Balancing Acts: Stories of Women at the Crossroads of Working and Caregiving

We’ve all seen them—YouTube breakdowns, TikToks, and countless articles debating whether you need to make $25 or $50 an hour just to make ends meet—in a country where the federal minimum wage has been stalled at $7.25 an hour for over a decade. For millions of women and families, especially those balancing work and caregiving, these numbers aren’t just hypothetical—they are an everyday reality.

Take Raynique, a single mother of four and grandmother of one in South Carolina, who told us about her child care struggles. She pays 32% of her annual income for child care—and that’s with a state voucher helping keep overall costs manageable. But voucher programs come with strict income limits that generally haven’t kept up with rising living costs.

“If I pick up a second job to cover food or emergencies, I might lose my voucher,” Raynique explains. “Then I’d need an even better job just to afford the child care I need to work in the first place. It’s a trap.”

Her fears, she said, go beyond finances:

  • Constant stress about staying healthy because missing work isn’t an option.
  • Limited time with her kids.
  • Rare moments of joy due to relentless planning.
  • The impossibility of pursuing another job that could advance her career because she can’t afford the additional child care it would require.

Living paycheck to paycheck with no safety net forces families like Raynique’s into impossible situations. The cruel paradox is clear: work extra hours or take on an additional job, and you risk losing the very support that keeps you afloat. Families are left stuck, unable to save, plan for the future, or simply relax.
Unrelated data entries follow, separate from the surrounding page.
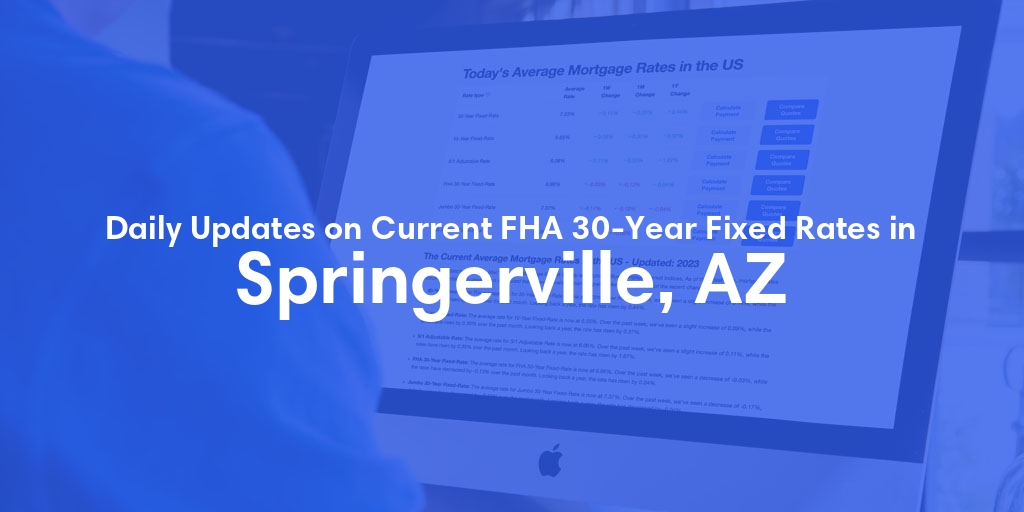 The Current Average FHA 30-Year Fixed Mortgage Rates in Springerville, AZ - Updated: Sun, May 19, 2024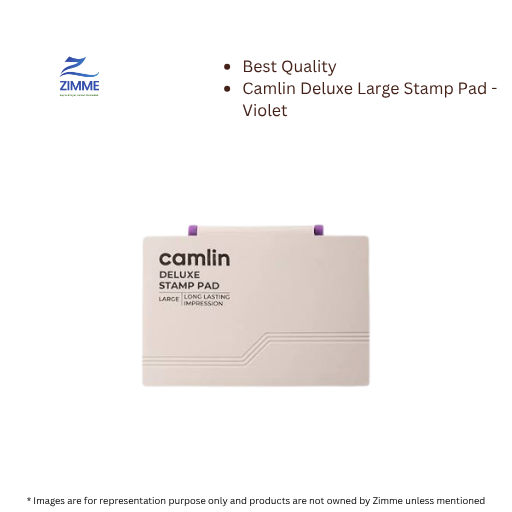Camlin Deluxe Large Stamp Pad - Violet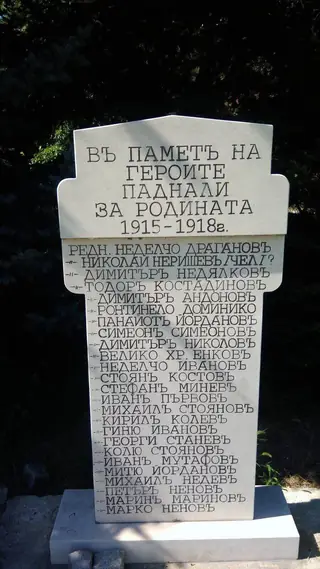 Надгробна плоча в памет на героите паднали за Родината - Търговище — Търговище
“I try not to live in fear,” Raynique says, but it’s hard when it feels like the system isn’t designed for people like us. We’re punished for trying to get ahead.”

And it’s not just families feeling the squeeze. 

Early educators are often paid poverty-level wages and are barely holding on, especially now that federal funding that kept the child care sector afloat during the pandemic has run out. With the recent expiration of these critical funds, many programs are left scrambling to stay open while keeping costs manageable for families.

Felicitas, an early educator, described the ripple effect to us:Without funding, centers will shut down or raise tuition, forcing parents to quit their jobs. Families lose, workers lose, and the economy loses.” 

Her words underscore a painful truth: child care programs and early educators are the backbone of family and economic stability, yet they are underpaid and undervalued. Many lack access to health insurance, retirement benefits, or the financial stability needed to support their own families. As Felicitas put it: “We nurture the minds and bodies of our children, especially in those critical first years. We’re essential workers. During the pandemic, we were the ones still showing up for our community. But many of us are making poverty wages. That has to change.”

The challenges she describes are part of a much larger crisis that is squeezing families across the country. The numbers tell a grim story: on average, families who pay for child care spend 24% of their household income on that careand child care costs have outpaced inflation, with one-third of families reporting higher expenses between September 2023 and September 2024.

This isn’t an individual budgeting problem—it’s a systemic failure. Families are trapped in a cycle of rising costs, stagnant wages, and insufficient support. Women—especially women of color—bear the brunt of this crisis. The expiration of the pandemic-era child care funding, once a crucial lifeline, has left many families making impossible choices between work, caregiving, and basic survival.

Even as overall inflation has eased, families are still paying 20% more for essential goods than in 2020. This intensifies the strain on households already stretched to their limits. Yet, instead of addressing the root causes, policymakers remain locked in debates over work requirements for safety-net programs like Medicaid and SNAP, ignoring the reality that most recipients are already working.

Real Solutions Are Within Reach

Raynique’s story isn’t unique, and it does not have to remain the norm. Families shouldn’t face impossible choices between work, caregiving, and survival. The solution is clear: federal investment in child care is crucial to ensuring both affordability and long-term stability for families, early educators, and the economy.

When 32% of your income goes to child care, the problem is systemic, not personal. Families can’t budget out of policy failures, and providers can’t sustain an underfunded system alone. 

This is about more than alleviating today’s struggles—it’s about building a future where families thrive. As Felicitas says: “If we don’t fight for change now, families and providers will only keep falling behind.”

The stakes are high, but the solutions are clear. It’s time to act—for families like Raynique’s, for providers like Felicitas, and for a society that values its people.